Ask most analysts prior to the start of Game 1 of the World Series a couple of weeks ago and they would have said the Rangers would win their first title, but in a close, hard-fought series.

Most of the games were just that. Games 1 and 2 were both decided by a single point (with each team getting a win). Game 5 wasn’t won till some late game heroics by Adrian Beltre and Mike Napoli. No game can ever be as close and hard-fought as the epic battle in Game 6 was. Twice the Rangers needed just one more strike to win their first World Series title.

That of course didn’t happen.

Even after the loss in Game 6 the Rangers were confident that they would be able to pull out the win in Game 7. Chris Carpenter is a tough picture, but it’s a risky move for even the best pitcher to go on just three days of rest. When you hadn’t lost two in a row since last August, the belief they could win was there.

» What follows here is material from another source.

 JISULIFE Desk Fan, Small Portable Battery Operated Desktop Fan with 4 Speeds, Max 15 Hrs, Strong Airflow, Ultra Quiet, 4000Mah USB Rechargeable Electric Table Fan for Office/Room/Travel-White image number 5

When the Rangers needed the heroics most, they fell short as the St. Louis Cardinals took Game 7 of the 2011 World Series 6-2 and earned the right to be called World Series Champions.

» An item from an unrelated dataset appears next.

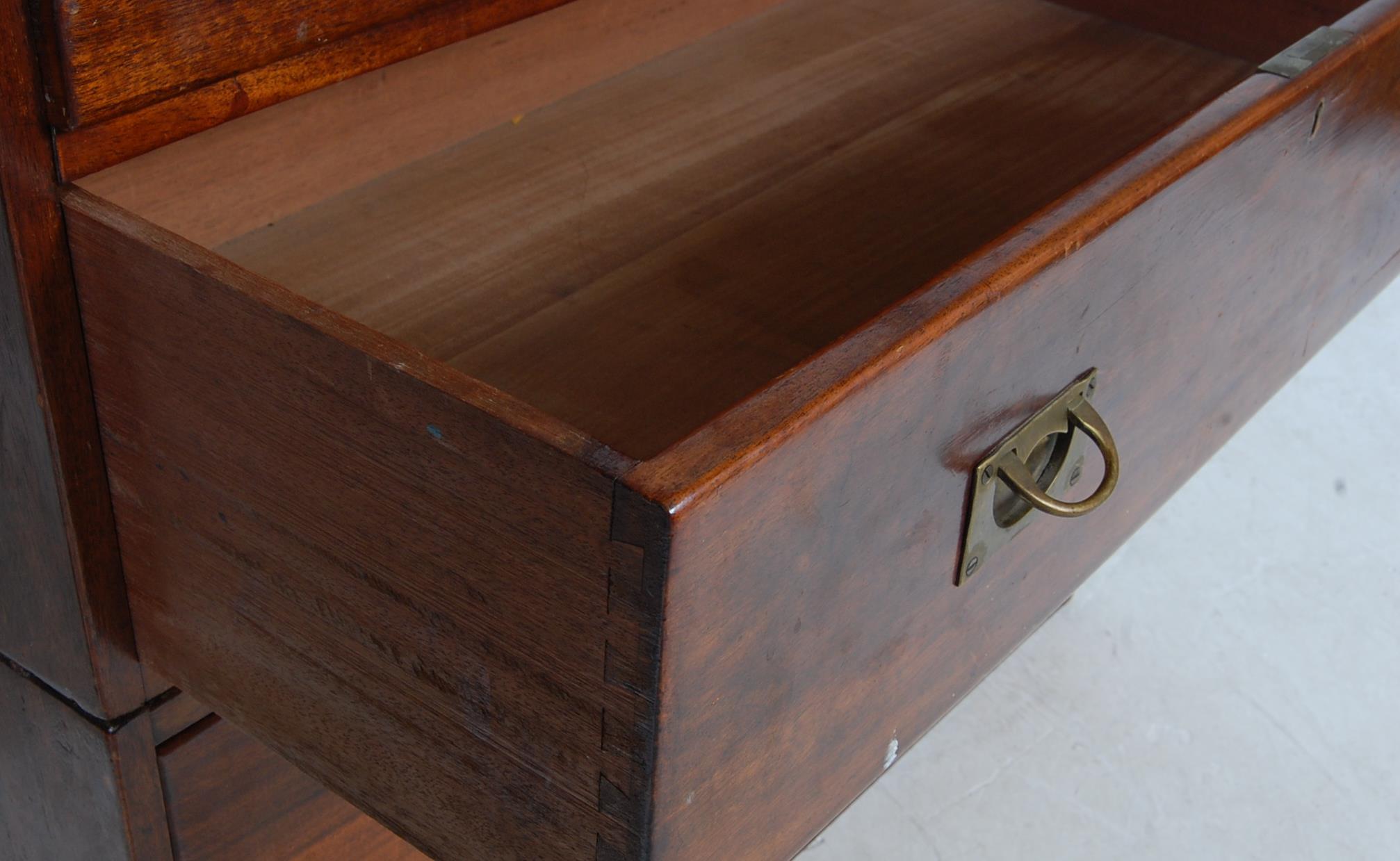 19TH CENTURY VICTORIAN CAMPAIGN CHEST OF DRAWERS - Image 6 of 6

As a small consolation, Texas baseball fans can be glad that one of the Lone Star State’s former favorite sons, longtime Houston Astros first baseman and outfielder Lance Berkman earned a much deserved World Series ring. The MVP of the ’11 Series, David Freese, may have grown up in the greater St. Louis area, but he was born in Texas (Corpus Christi).

A look at the statistics tells the tale for the Rangers real well. They had six more at-bats than the Cardinals (236 to 230), four more hits (60 to 50), one more home run (nine to eight), and the only stolen base of the series. Texas even had the higher batting average of the two (.254 to .243).

However, the Cardinals led in the categories that mattered most scoring more runs(38 to 30), more RBIs (36 to 30), had a higher on-base percentage (.366 to .326; largely thanks to the Rangers issuing 15 more walks during the Series). In the end, the Cardinals made more with what they had.

"I just told them they're champions, which I believe," Texas manager Ron Washington said. "Someone has to win, someone has to lose and the Cardinals did it. ... They were the better team. They are the world champions. All we can do is come back next year and commit ourselves to it, like they did this year."

Next year; two words that no player likes to hear or utter, but that is all the Texas Rangers have until just that. Next year.